Para penanggap sebaiknya memisahkan Prabowo Subianto dari prilaku Fadli Zon.
Saya menduga, secara moral Prabowo Subianto tidak senang dengan cara Fadli Zon menyurati KBRI dan Konjen RI di Amerika Serikat. Karena karakter yang dikesankan oleh Prabowo, dia ingin setiap anggota masyarakat Indonesia punya martabat atau harga diri.
Meminta fasilitas bantuan itu hal biasa tetapi merendahkan martabat. Meminta fasilitas, sementara negara sudah memberi fasilitas, itu mencerminkan karakter yang tidak pernah puas.
Permintaan bantuan itu sebetulnya hal yang biasa. Tetapi menjadi hal yang luar biasa dan tidak patut, karena cara Fadli Zon melalui pendekatan formal.
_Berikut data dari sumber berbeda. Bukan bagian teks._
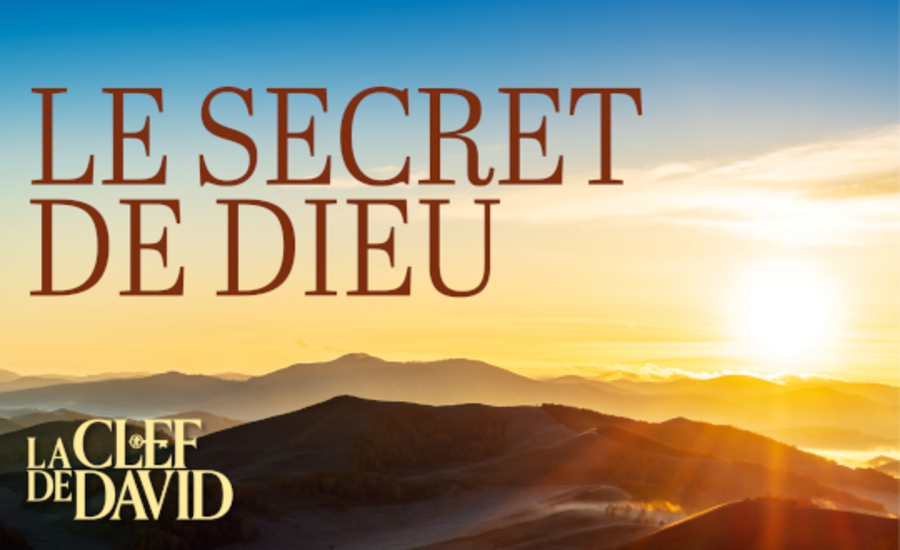 Le secret de Dieu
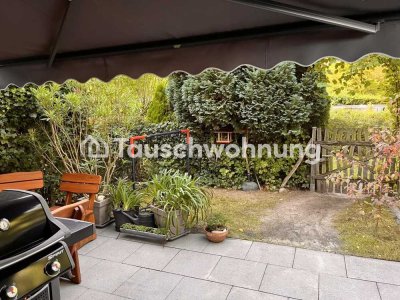 Tauschwohnung: Tausche EG-Wohnung gegen Haus in Bramfeld/Wellingsbüttel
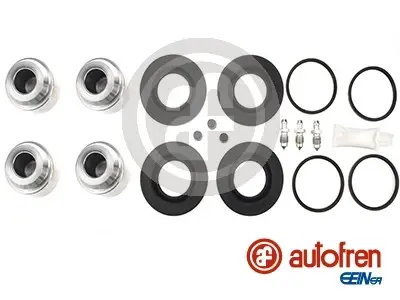 Ремкомплект переднего тормозного суппорта autofren seinsa D42312C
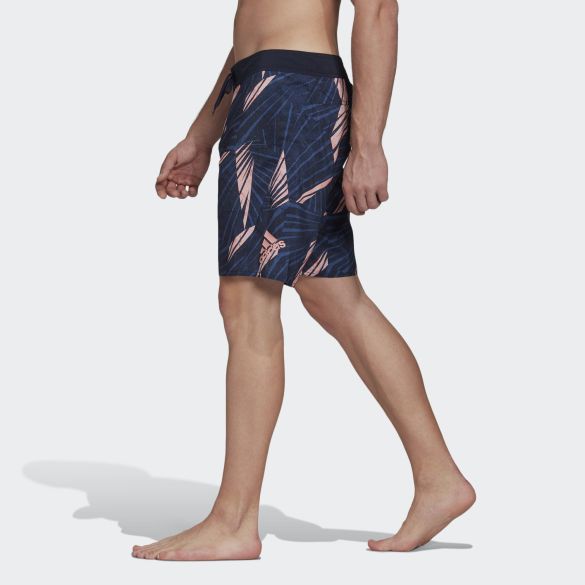 Пляжные шорты Adidas Graphic Tech FJ3906_image_3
Dengan kop surat lembaga tinggi negara, Zon telah mencampur adukan pekerjaan persoalan negara dan pekerjaan pribadi. Kop surat lembaga tinggi negara itu seakan mengirim pesan, bahwa bantuan itu mutlak harus diberikan.
Para penanggap juga mungkin melihat sosok Fadli Zon sebagai politisi yang tidak mendengarkan kritik. Nyaris tak ada kritik terhadap Fadli Zon yang ditanggapinya dengan bahasa lunak.
Sehingga ketika mereka melihat ada hal yang tidak patut dilakukan Fadli Zon, para penanggap tambah bersemangat 'menyerang' Zon.
Sudah saatnya para penanggap dan pengeritik Fadli Zon, menghentikan hujatan mereka.